(SUPPLIED MATERIAL Opens)

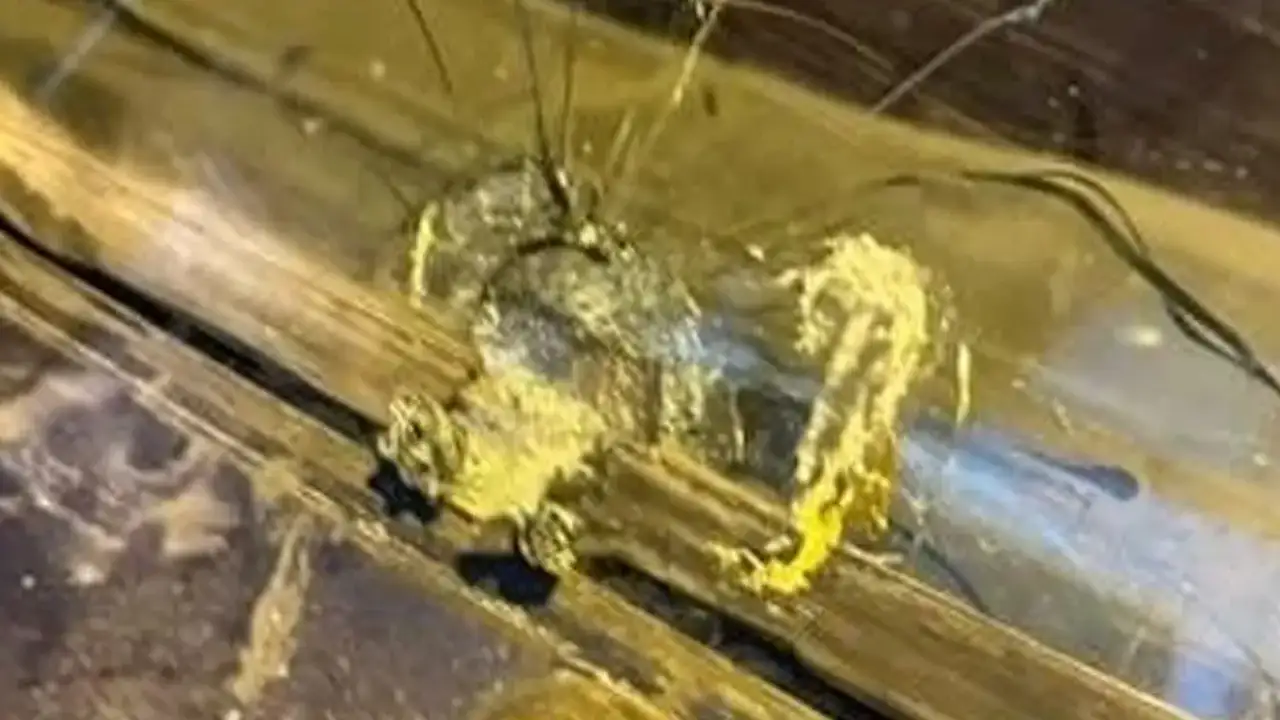 Artvin'de maganda kurşunu panik yarattı: Otomobile ve iş yerine isabet etti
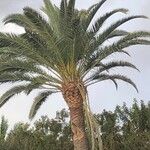 Phoenix canariensis Blad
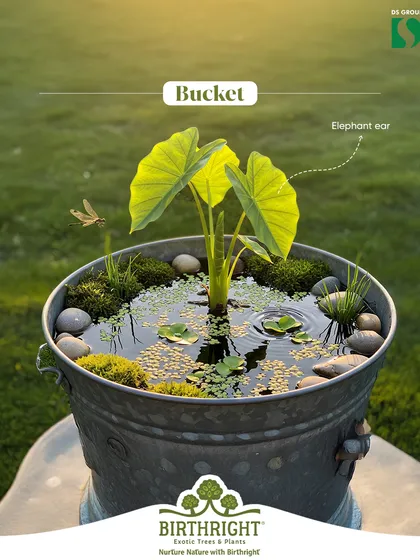 Even a simple bucket can become a thriving mini ecosystem. This galvanized bucket now hosts an Elephant Ear plant, creating a small scale wetland that attracts dragonflies and adds a rustic touch to a patio or balcony.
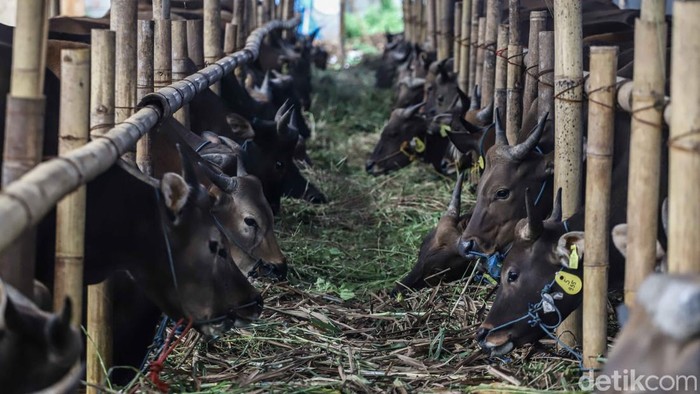 Melihat Kesibukan Pekerja Rawat Hewan Kurban di Penggilingan Aktivitas di grosir hewan kurban area Penggilingan, Jakarta Timur, mulai ramai menjelang Hari Raya Idul Adha 2026. Para pekerja tampak sibuk merawat ratusan hewan kurban seperti sapi dan kambing nan ditempatkan di kandang-kandang sementara di sepanjang area penjualan, Rabu (20/5/2026).
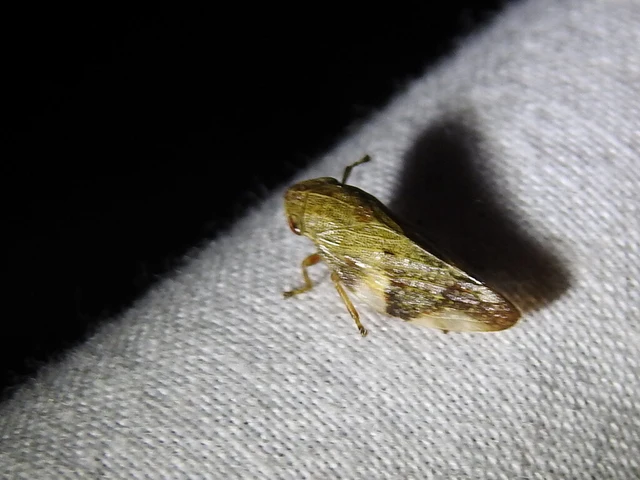 Aphrophora alni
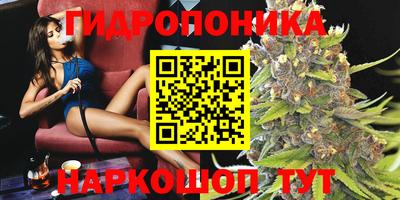 стаф Чебаркуль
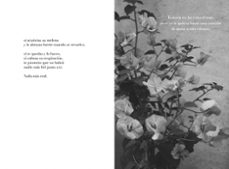 cada noche te escribo-patricia benito-9788403522367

(SUPPLIED MATERIAL Closes)

[TASK DESCRIPTION]
All of the material above is to be copied exactly, except for its images.

[TASK SOLUTION]
 Artvin'de maganda kurşunu panik yarattı: Otomobile ve iş yerine isabet etti
 Phoenix canariensis Blad
 Even a simple bucket can become a thriving mini ecosystem. This galvanized bucket now hosts an Elephant Ear plant, creating a small scale wetland that attracts dragonflies and adds a rustic touch to a patio or balcony.
 Melihat Kesibukan Pekerja Rawat Hewan Kurban di Penggilingan Aktivitas di grosir hewan kurban area Penggilingan, Jakarta Timur, mulai ramai menjelang Hari Raya Idul Adha 2026. Para pekerja tampak sibuk merawat ratusan hewan kurban seperti sapi dan kambing nan ditempatkan di kandang-kandang sementara di sepanjang area penjualan, Rabu (20/5/2026).
 Aphrophora alni
 стаф Чебаркуль
 cada noche te escribo-patricia benito-9788403522367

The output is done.